Je sais, mais il faut peser le pour et le contre. En l'occurrence, ces kilomètres m'avaient permis de dénicher le stage que je voulais, comparé à d'autres qui ont préféré rester proches de chez eux et qui ont du accepter des seconds choix. Puis, faut se dire que ce n'était que temporaire. Si ça peut lui permettre de continuer à exercer un boulot et qu'il cherche néanmoins à se rapprocher, où est le problème ?
Il y a un moment où il faut quand même se poser les bonnes questions. C'est la crise, beaucoup d'emplois peu qualifiés passent à la trappe et tu voudrais qu'il refuse un travail correct à 100 bornes ? Après, on peut toujours trouver des excuses. C'est ce que font ceux qui squattent les bureaux des agences à l'emploi depuis vingt ans.
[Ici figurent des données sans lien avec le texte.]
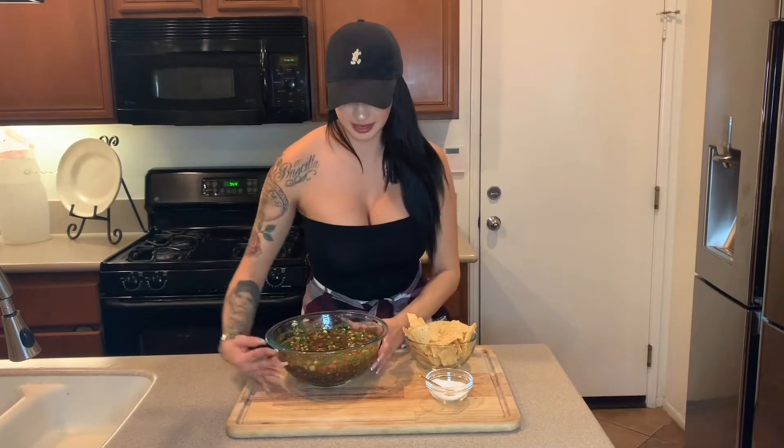Hey guys, welcome back to my channel. My name is Erica B. Today we're making pico de gallo, and if you're interested in learning how to make this, just keep on watching.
J'ai aussi accepté un bon stage durant ma formation universitaire, mais j'ai perdu de l'argent malgré les avantages de ma condition d'étudiant. Face aux charges de la vie active, de la condition de parent, il convient de considérer qu'il y a des contraintes nettement plus fortes. Avoir un budget négatif c'est pas envisageable. Et puis tu t'exposes d'autant plus à la moindre tuile qui peut te tomber sur le coin du nez.
Tu dis que ça peut être temporaire, certes, mais ça empiètera aussi fortement sur la capacité de faire des recherches à proximité. 3 heures de route par jour, ca te laisse pas trop le temps pour faire des recherches et des entretiens. Et puis Gwen en l'occurrence n'a que peu de jours de congé devant lui.